Banful zeroed in on a field that was perhaps not adequately discussed at the conference — the sheer weight of regulation that inhibits smaller enterprises in Africa. The topic of leadership, as dealt with by delegates, tended to be leadership in government and the corporate sector. Delegates spoke of course from personal experience and raised the issues closest to their hearts. But the voicelessness of SMEs could not have been more dramatically demonstrated.

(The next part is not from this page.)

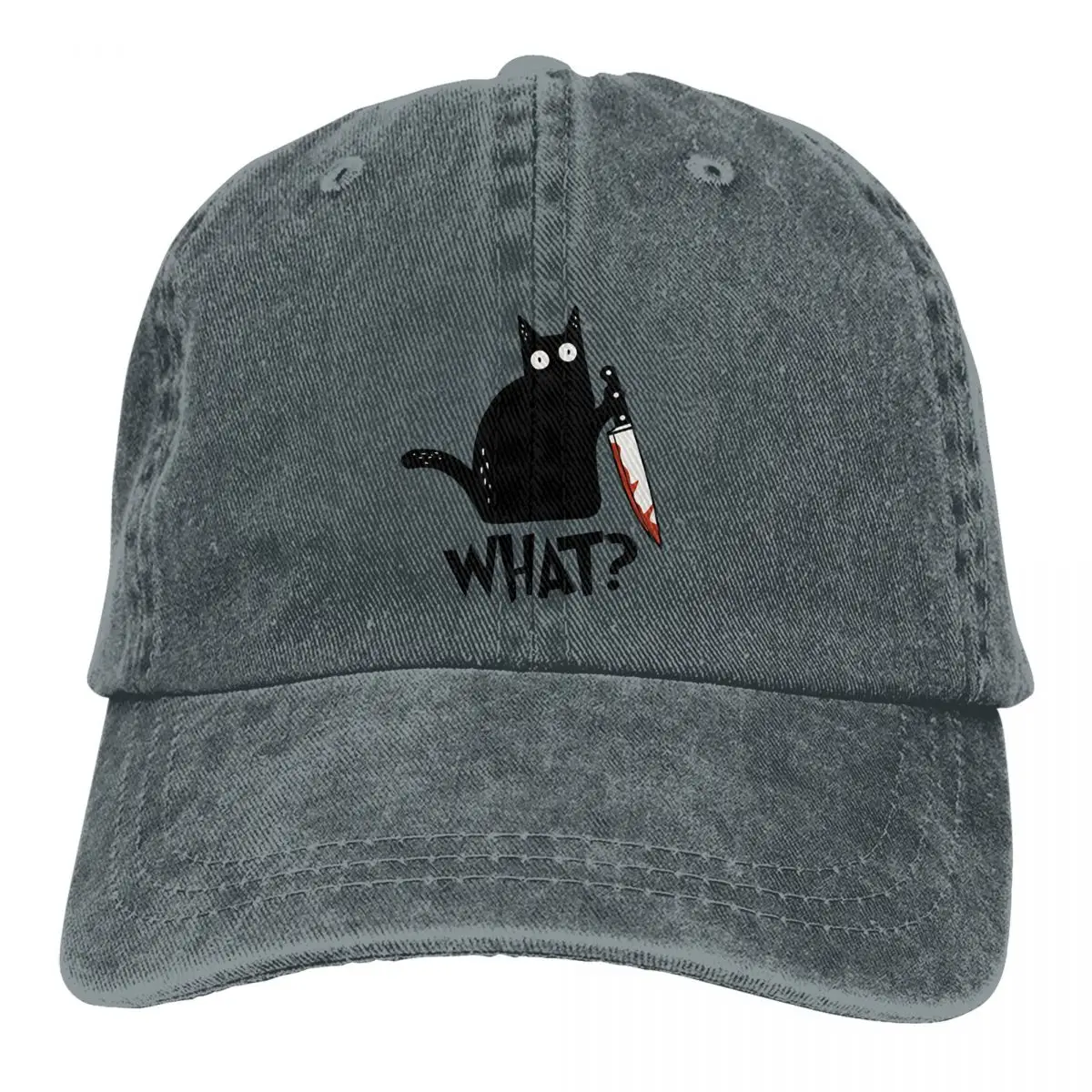 Cat What Murderous Black Cat With Knife Baseball Cap Men Hats Women Visor Protection Snapback Art Caps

This, perhaps surprisingly, was the case even when the topics of entrepreneurship and the development of talent were discussed. The personal attributes of the successful entrepreneur were discussed extensively. Entrepreneurship expert Brian Hattingh made the perfectly valid point that it was not necessarily appropriate to see small business owners as synonymous with entrepreneurs. He favoured Richard Branson’s definition of entrepreneurship as “setting out to do something better or something no-one has ever done before, and in so doing to make a profit”. He did go on to point out that in a world where life expectancy is rising, an increasing number of people — perhaps a majority — are likely to work in the informal sector, if only because their pensions will not carry them through their entire lives. “Africa needs to develop a substantial SME entity in each country,” he concluded.

But Hattingh was something of an exception. Few delegates ventured down the SME development path that he opened up. South African leadership expert Reuel Khoza argued that equity — in corporates — should be transferred to youth in order to encourage shareholder activism. Coca Cola’s West African head Larry Drake II argued that the challenge was not to train young leaders but to retain them — again a concern especially from a corporate perspective. Dr Manu Chandaria, chairman of Kenya’s Comcraft Group, spoke of leadership as the ability to “create an environment of shared values, to take decisions and to believe in them”. All of these points were appropriate. But speakers made it clear that they were approaching the topic from a corporate perspective.

The emphasis on corporate experience relates directly to Ali Mufuruki’s earlier criticism that development partners tend to be “too polite”. Corporates especially, as self-interested institutions, are concerned to get ahead with establishing and running operations. In their interactions with government, they will almost invariably be reticent about any business environment issue apart from those that impact directly on their bottom lines. Even in these cases, criticism will be circumspect.

This is another of those ‘missing middles’ that bedevils the continent. While political leaders might now have a better grasp of the concerns of corporate business leaders than ever before, there is a massive information gap when it comes to the problems of their own citizens trying to run their indigenous enterprises. This was demonstrated in the contrast between President Museveni’s comments and those of Alex Banful. Banful — as reported above — had argued that capital-intensive investment is decidedly limited in terms of local impact. President Museveni on the other hand, criticised investment as not being capital and technology intensive enough. This is surely an argument impossible to sustain for any leader who is in touch with the needs and conditions faced by his or her own domestic SME sector.

It became apparent that the African diaspora is a major concern of the continent’s business leaders. There is undoubtedly a visceral sense of disturbance at the idea that many of the continent’s brightest and best feel compelled to seek greener pastures elsewhere.

On the evidence of these two days, a healthy — indeed robust — exchange of opinions between the continent’s political and business leaders is not only useful but characterised by a willingness from both sides to engage. There was not much evidence of polite reticence at the conference. It has to be suggested that getting high profile political leaders together with business leaders creates the conditions for a worthwhile and potentially valuable debate.